They began a casual correspondence on FaceBook, exchanging music videos and introducing each other to new artists. But the glue of the relationship was their love of the Beatles. The more they chatted the more they realized how much they both adored the Lads .. really got them and appreciated them above all others, especially John. How ironic, how enjoyable, how lovely. 

While “talking” one day, they discovered another common love existed .. writing .. and he encouraged her to pursue a long-abandoned passion for writing. They exchanged emails and a most unusual and unexpected relationship blossomed. He sent her rough drafts of his stories, asking for her opinion, critiques, etc., and she did the same. It didn’t take long before this became a frequent routine. It came as no surprise that they greatly admired each other’s work. What was unexpected was the multitude of similarities they shared .. not just in music and writing but in everything in their lives. There was only one word to describe their relationship – ineffable. 
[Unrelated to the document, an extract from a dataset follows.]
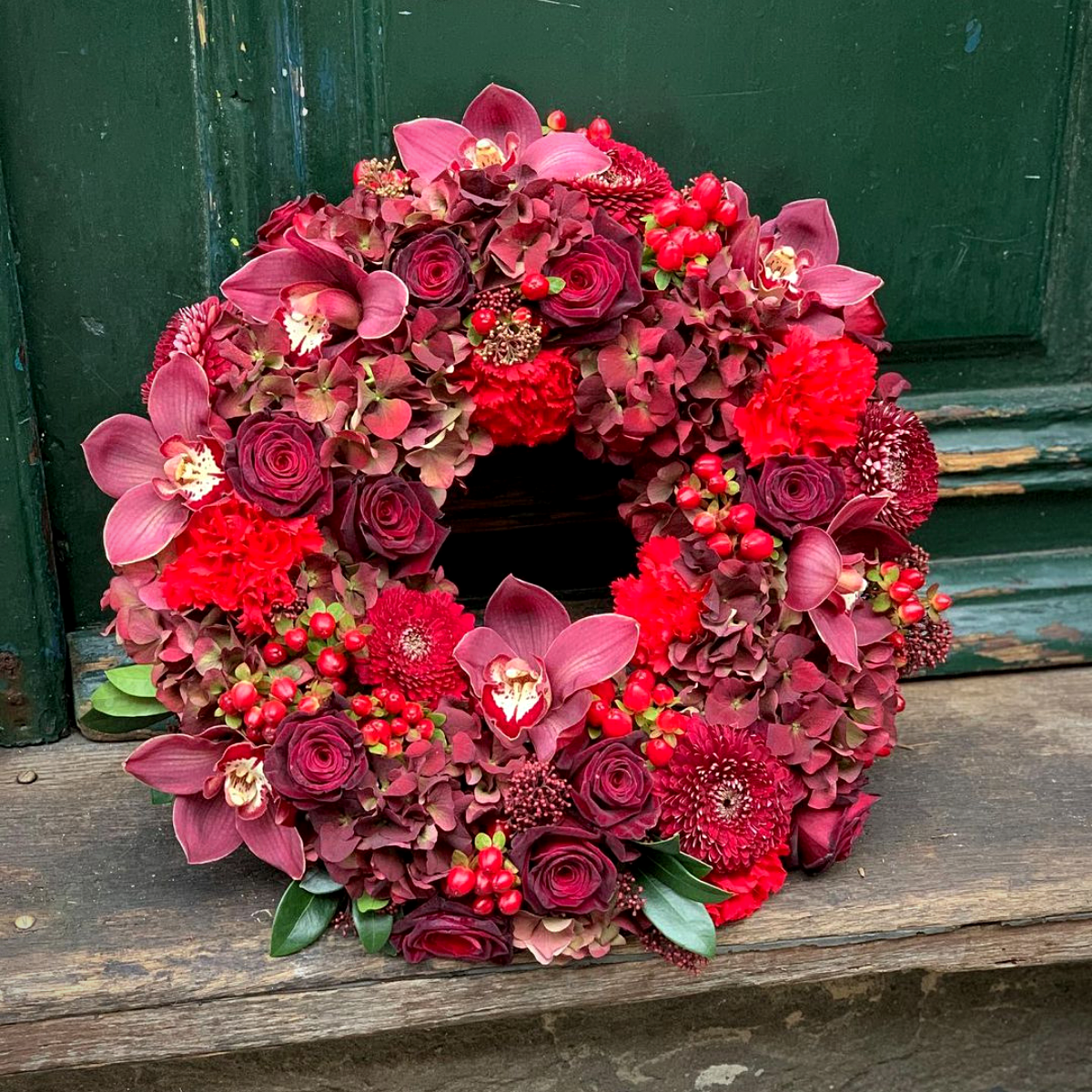 15-valentines-wreaths-that-celebrate-love-featured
It’s rare for two people who have never met to develop an inexplicable union .. one in which messages are exchanged at the exact same moment and identical words are used to describe feelings and sensations. They communicate daily ..  emailing and phoning, sharing a smooth cyber slow dance, afloat in an indescribable soulship of loving affection .. a bond that can’t be broken. There is no longer “him” nor “her” .. in fact there isn’t even an “us”. They are simply “YUS” .. riding THE YUS BUS.